We wanted to understand what makes this domicile so attractive for private debt, so we spoke to one of our Luxembourg experts, David Kubilus, chief commercial officer of U.S. Bank Global Fund Services – Europe. He explains why the market is flourishing and what you should keep in mind if you’re interested in entering it.
Q: Private debt is one of the fastest growing asset classes in Luxembourg right now. What’s driving this growth?
The low interest environment that prevailed for the past ten years forced investors to seek higher yielding investments. Private debt offered positive returns while a lot of bonds and money markets show zero or negative yields.
Now, as interest rates are ticking upward, there’s still a lot of appeal for private debt, as they haven’t lost value the way other bonds have due to their comparatively low durations. This AIMA article explains it well:
“Credit risk plays a larger role in determining the value of private debt than it does in many traditional bonds. Plus, private debt is extended for shorter terms. This means that many private debt instruments have comparatively low durations – a measure of how sensitive their prices are to changes in interest rates. By looking at bonds and private debt in terms of duration, we can see exactly why private debt might suffer less in a rising interest rate environment.”
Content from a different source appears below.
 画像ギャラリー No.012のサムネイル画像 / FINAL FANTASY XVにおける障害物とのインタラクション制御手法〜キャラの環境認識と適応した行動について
In Luxembourg, the government and regulators have given asset managers a very flexible framework of vehicles and fund types that can address the requirements of different types of investors and the different geographies for private debt investments. There is also a mature ecosystem in Luxembourg to support these funds and their distribution from a legal, audit and management company perspective.
Q: What challenges does private debt present for asset managers?
Private debt is still a fairly new asset class for investment funds, and very few administrators in Luxembourg know how to handle its nuances. Maintaining the critical data elements required for accounting and servicing private debt instruments is a complex process.
Private debt is a sub-class of private capital but could include CLOs, CDOs, infrastructure debt and private loans. Each one of these structures has its own unique requirements. Many managers also want integrated loan servicing solutions – and they quickly realize there’s only a very small number of firms in Luxembourg capable of providing that.